Worcester State University Professor of Communication Julie Frechette

Frechette Explores Communication in the Age of Digital Media

February 11, 2016
By: Worcester State University News

For Julie Frechette (Communication), teaching about the media has never been more exciting than now, in the age of digital media. Frechette relishes the fact that the discipline of communication is more attractive than ever in the digital economy. “Our students seek to gain skills in social media and media production, while also learning about the ways digital media shape and define human interactivity,” she says.
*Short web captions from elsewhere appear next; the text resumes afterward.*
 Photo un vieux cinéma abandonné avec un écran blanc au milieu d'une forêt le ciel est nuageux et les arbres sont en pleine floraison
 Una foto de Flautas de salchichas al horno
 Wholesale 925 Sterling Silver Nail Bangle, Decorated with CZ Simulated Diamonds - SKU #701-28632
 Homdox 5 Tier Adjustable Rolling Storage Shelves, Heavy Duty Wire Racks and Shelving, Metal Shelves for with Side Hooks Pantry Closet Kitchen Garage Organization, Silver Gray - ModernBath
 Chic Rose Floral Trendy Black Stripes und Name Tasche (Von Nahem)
“Before the digital age, each medium, such as film, radio and TV, was examined for its own unique properties and human impact as messages were broadcast from elite producers to the masses. Today, we are inundated with new and emerging social media platforms of convergence, like Facebook, Twitter, Instagram, and Snapchat, whose conceptual purpose is to provide us with the means to express ourselves and enhance our daily communication with others in varied local-to-global networked environments,” she says.

In Frechette’s new book, Media Education for a Digital Generation, with co-editor Dr. Rob Williams, Frechette examines how students’ lives have been affected by the convergence of digital media—from social media to mobile devices, computers, the internet, video games, and MP3 players. “Because students have grown up with the ubiquity of new technology, we need to consider the ways that their learning has changed in the digital age,” she explains. While the popularity of digital technology has clearly changed the ways that students interact with it, Frechette’s book explores the complicated ways in which digital media offer unique social possibilities, while also colonizing time and creative license.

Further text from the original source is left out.